Senior Perception Engineer, Obstacle Foundation Models - Autonomous Vehicles

at Nvidia

📍 Santa Clara, United States

USD 184,000-356,500 per year

SENIOR

✅ On-site

Used Tools & Technologies

Not specified

Required Skills & Competences
Tag name is followed by "@" symbol and proficiency level value. About proficiency levels:

1-2 — basic awareness. Minimal hands-on experience, and a rudimentary understanding of the technology's purpose;

3-6 — daily use. Comfortable and regular usage, capable of handling common tasks and challenges related to the technology;

7-9 — you are an expert, you can teach others, you know all the pitfalls and tricks;

10 — exceptional knowledge, comprehensive understanding, and adeptness in all aspects of the technology, including advanced problem-solving. Think twice before claiming or demanding such level.

Python @ 7 Algorithms @ 7 Hiring @ 4 Communication @ 4 PyTorch @ 7 CUDA @ 4 GPU @ 4 Deep Learning @ 4 AI @ 4 Computer Vision @ 7 Robotics @ 4

Details

Intelligent machines powered by artificial intelligence—computers that can learn, reason, and interact with people—are transforming every industry. GPU-accelerated deep learning provides the foundation for machines to perceive, reason, and solve complex problems. NVIDIA GPUs run deep learning algorithms that simulate aspects of human intelligence, acting as the brain of computers, robots, and self-driving cars that can perceive and understand the world.

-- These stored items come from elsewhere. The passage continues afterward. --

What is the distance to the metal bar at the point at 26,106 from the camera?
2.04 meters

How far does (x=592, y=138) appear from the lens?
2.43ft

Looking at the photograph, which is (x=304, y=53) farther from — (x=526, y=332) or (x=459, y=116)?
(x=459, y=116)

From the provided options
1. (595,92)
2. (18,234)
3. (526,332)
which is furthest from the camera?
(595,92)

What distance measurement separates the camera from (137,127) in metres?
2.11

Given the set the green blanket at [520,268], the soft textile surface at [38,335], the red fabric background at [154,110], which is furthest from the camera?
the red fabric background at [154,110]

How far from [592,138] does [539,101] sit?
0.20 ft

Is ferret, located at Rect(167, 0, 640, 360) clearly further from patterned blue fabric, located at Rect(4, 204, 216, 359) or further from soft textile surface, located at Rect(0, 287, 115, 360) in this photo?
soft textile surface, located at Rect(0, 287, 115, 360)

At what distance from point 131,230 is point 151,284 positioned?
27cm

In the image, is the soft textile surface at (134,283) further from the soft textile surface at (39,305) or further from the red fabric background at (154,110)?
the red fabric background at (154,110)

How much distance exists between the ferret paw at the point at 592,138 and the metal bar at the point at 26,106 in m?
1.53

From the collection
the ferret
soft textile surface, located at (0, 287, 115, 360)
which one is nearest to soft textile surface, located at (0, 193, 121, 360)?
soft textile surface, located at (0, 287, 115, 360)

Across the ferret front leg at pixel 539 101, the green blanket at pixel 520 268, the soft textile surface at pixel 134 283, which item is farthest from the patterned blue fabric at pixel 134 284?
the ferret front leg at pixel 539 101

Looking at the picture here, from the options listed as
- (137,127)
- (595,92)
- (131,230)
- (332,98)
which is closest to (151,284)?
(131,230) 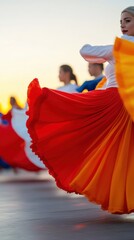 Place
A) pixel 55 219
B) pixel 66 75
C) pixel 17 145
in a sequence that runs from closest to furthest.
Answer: pixel 55 219 → pixel 66 75 → pixel 17 145

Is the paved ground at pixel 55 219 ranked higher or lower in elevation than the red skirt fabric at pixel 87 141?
lower

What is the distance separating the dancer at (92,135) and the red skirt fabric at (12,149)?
6823 millimetres

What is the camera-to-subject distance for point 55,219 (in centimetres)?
Answer: 694

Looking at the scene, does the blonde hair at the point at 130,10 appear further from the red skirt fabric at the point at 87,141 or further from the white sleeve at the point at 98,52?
the red skirt fabric at the point at 87,141

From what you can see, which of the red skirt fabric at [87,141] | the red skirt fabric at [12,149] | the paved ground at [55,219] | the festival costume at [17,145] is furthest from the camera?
the red skirt fabric at [12,149]

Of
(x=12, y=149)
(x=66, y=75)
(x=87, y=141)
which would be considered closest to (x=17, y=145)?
(x=12, y=149)

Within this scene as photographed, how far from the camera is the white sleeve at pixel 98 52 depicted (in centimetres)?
702

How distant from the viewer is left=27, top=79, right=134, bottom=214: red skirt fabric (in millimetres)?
6664

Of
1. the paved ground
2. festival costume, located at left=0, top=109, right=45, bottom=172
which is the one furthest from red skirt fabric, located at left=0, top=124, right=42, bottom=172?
the paved ground

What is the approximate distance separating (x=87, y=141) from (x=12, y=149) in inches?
295

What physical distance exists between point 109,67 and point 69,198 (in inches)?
98.9

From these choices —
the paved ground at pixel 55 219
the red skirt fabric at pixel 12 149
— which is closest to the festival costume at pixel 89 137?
the paved ground at pixel 55 219

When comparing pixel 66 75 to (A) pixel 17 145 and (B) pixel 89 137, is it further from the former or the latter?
(B) pixel 89 137

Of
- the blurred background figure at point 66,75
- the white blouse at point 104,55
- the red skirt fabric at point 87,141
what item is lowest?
the blurred background figure at point 66,75
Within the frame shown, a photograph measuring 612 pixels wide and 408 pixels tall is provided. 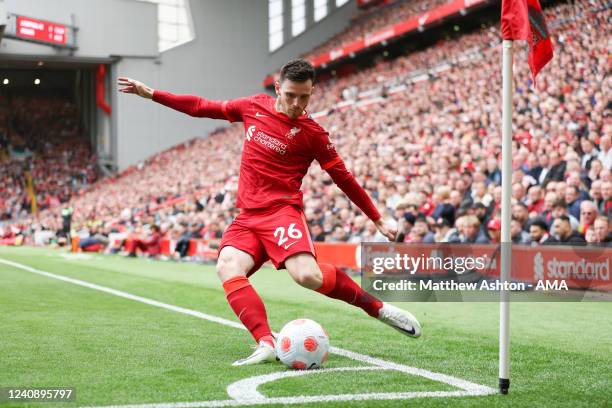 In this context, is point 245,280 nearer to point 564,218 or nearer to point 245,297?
point 245,297

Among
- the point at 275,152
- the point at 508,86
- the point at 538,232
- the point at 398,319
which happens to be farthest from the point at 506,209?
the point at 538,232

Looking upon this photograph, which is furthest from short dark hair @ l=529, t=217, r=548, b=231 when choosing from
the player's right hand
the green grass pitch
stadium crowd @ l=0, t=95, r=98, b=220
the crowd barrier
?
stadium crowd @ l=0, t=95, r=98, b=220

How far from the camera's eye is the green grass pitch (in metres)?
4.25

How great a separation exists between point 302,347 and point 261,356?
1.07 ft

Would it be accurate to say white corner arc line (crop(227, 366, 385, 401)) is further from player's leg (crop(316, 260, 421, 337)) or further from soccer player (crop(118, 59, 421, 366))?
player's leg (crop(316, 260, 421, 337))

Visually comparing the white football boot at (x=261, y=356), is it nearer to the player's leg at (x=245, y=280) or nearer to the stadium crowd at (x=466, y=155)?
the player's leg at (x=245, y=280)

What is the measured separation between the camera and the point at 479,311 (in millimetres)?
9047

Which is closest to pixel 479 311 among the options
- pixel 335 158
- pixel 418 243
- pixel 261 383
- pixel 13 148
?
pixel 418 243

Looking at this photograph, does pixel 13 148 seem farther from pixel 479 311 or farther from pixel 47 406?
pixel 47 406

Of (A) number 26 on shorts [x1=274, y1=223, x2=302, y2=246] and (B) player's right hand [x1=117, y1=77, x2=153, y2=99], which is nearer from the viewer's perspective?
(A) number 26 on shorts [x1=274, y1=223, x2=302, y2=246]

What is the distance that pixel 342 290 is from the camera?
5648mm

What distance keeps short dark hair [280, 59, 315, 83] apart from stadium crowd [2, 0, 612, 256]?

We are seeking an exceptional Senior Perception Engineer to help design and productize NVIDIA’s next-generation autonomous driving perception stack. You will work on the core 3D obstacle perception pipeline, contribute to architecture and algorithm design, and remain deeply hands-on with implementation, including modern transformer-based, multi-modal, and vision-language techniques where they add real value.

Responsibilities

Develop and improve the technical design, architecture, and roadmap for 3D obstacle perception to support end-to-end autonomous driving functionalities, leveraging state-of-the-art CNN and transformer-based architectures where appropriate.
Design and implement advanced 3D perception models using multi-camera inputs and/or multi-sensor fusion (camera, radar, lidar) for obstacle detection and tracking, including opportunities to explore BEV and transformer-based 3D perception.
Build efficient, production-grade deep learning models: define objectives with the team, select and prototype architectures, run experiments, and follow best practices for training and evaluation, using techniques such as large-scale pretraining, distillation, and parameter-efficient fine-tuning (e.g., LoRA).
Help define and maintain KPI frameworks to quantify perception performance; analyze large-scale real and synthetic datasets to identify failure modes and systematically improve accuracy, robustness, and efficiency, incorporating approaches like self-supervised and representation learning when beneficial.
Contribute to the data strategy for perception: specify data and labeling requirements, help prioritize data collection and annotation, and collaborate with data and ground-truth teams, including model-assisted workflows (e.g., active learning, auto-labeling, vision-language models (VLMs)) and model-in-the-loop tooling.
Collaborate with safety, systems, and software teams to ensure perception solutions meet product requirements for safety, latency, resource usage, and software robustness, and are ready for deployment at scale.

Requirements

PhD with 4+ years, MS with 6+ years, or BS (or equivalent experience) with 8+ years of relevant experience in Computer Science, Computer Engineering, or a related technical field.
Hands-on experience developing deep learning–based perception or closely related systems for complex real-world problems, with strong proficiency in frameworks such as PyTorch and a track record of taking models from prototype to production.
Proven experience in data-driven development, including close collaboration with data, labeling, and ground-truth teams on data strategy, labeling quality, and iterative model improvement.
Strong programming skills in Python and/or C++, with experience building reliable, high-performance, production-quality software.
Excellent communication and collaboration skills, with the ability to work effectively across multidisciplinary teams.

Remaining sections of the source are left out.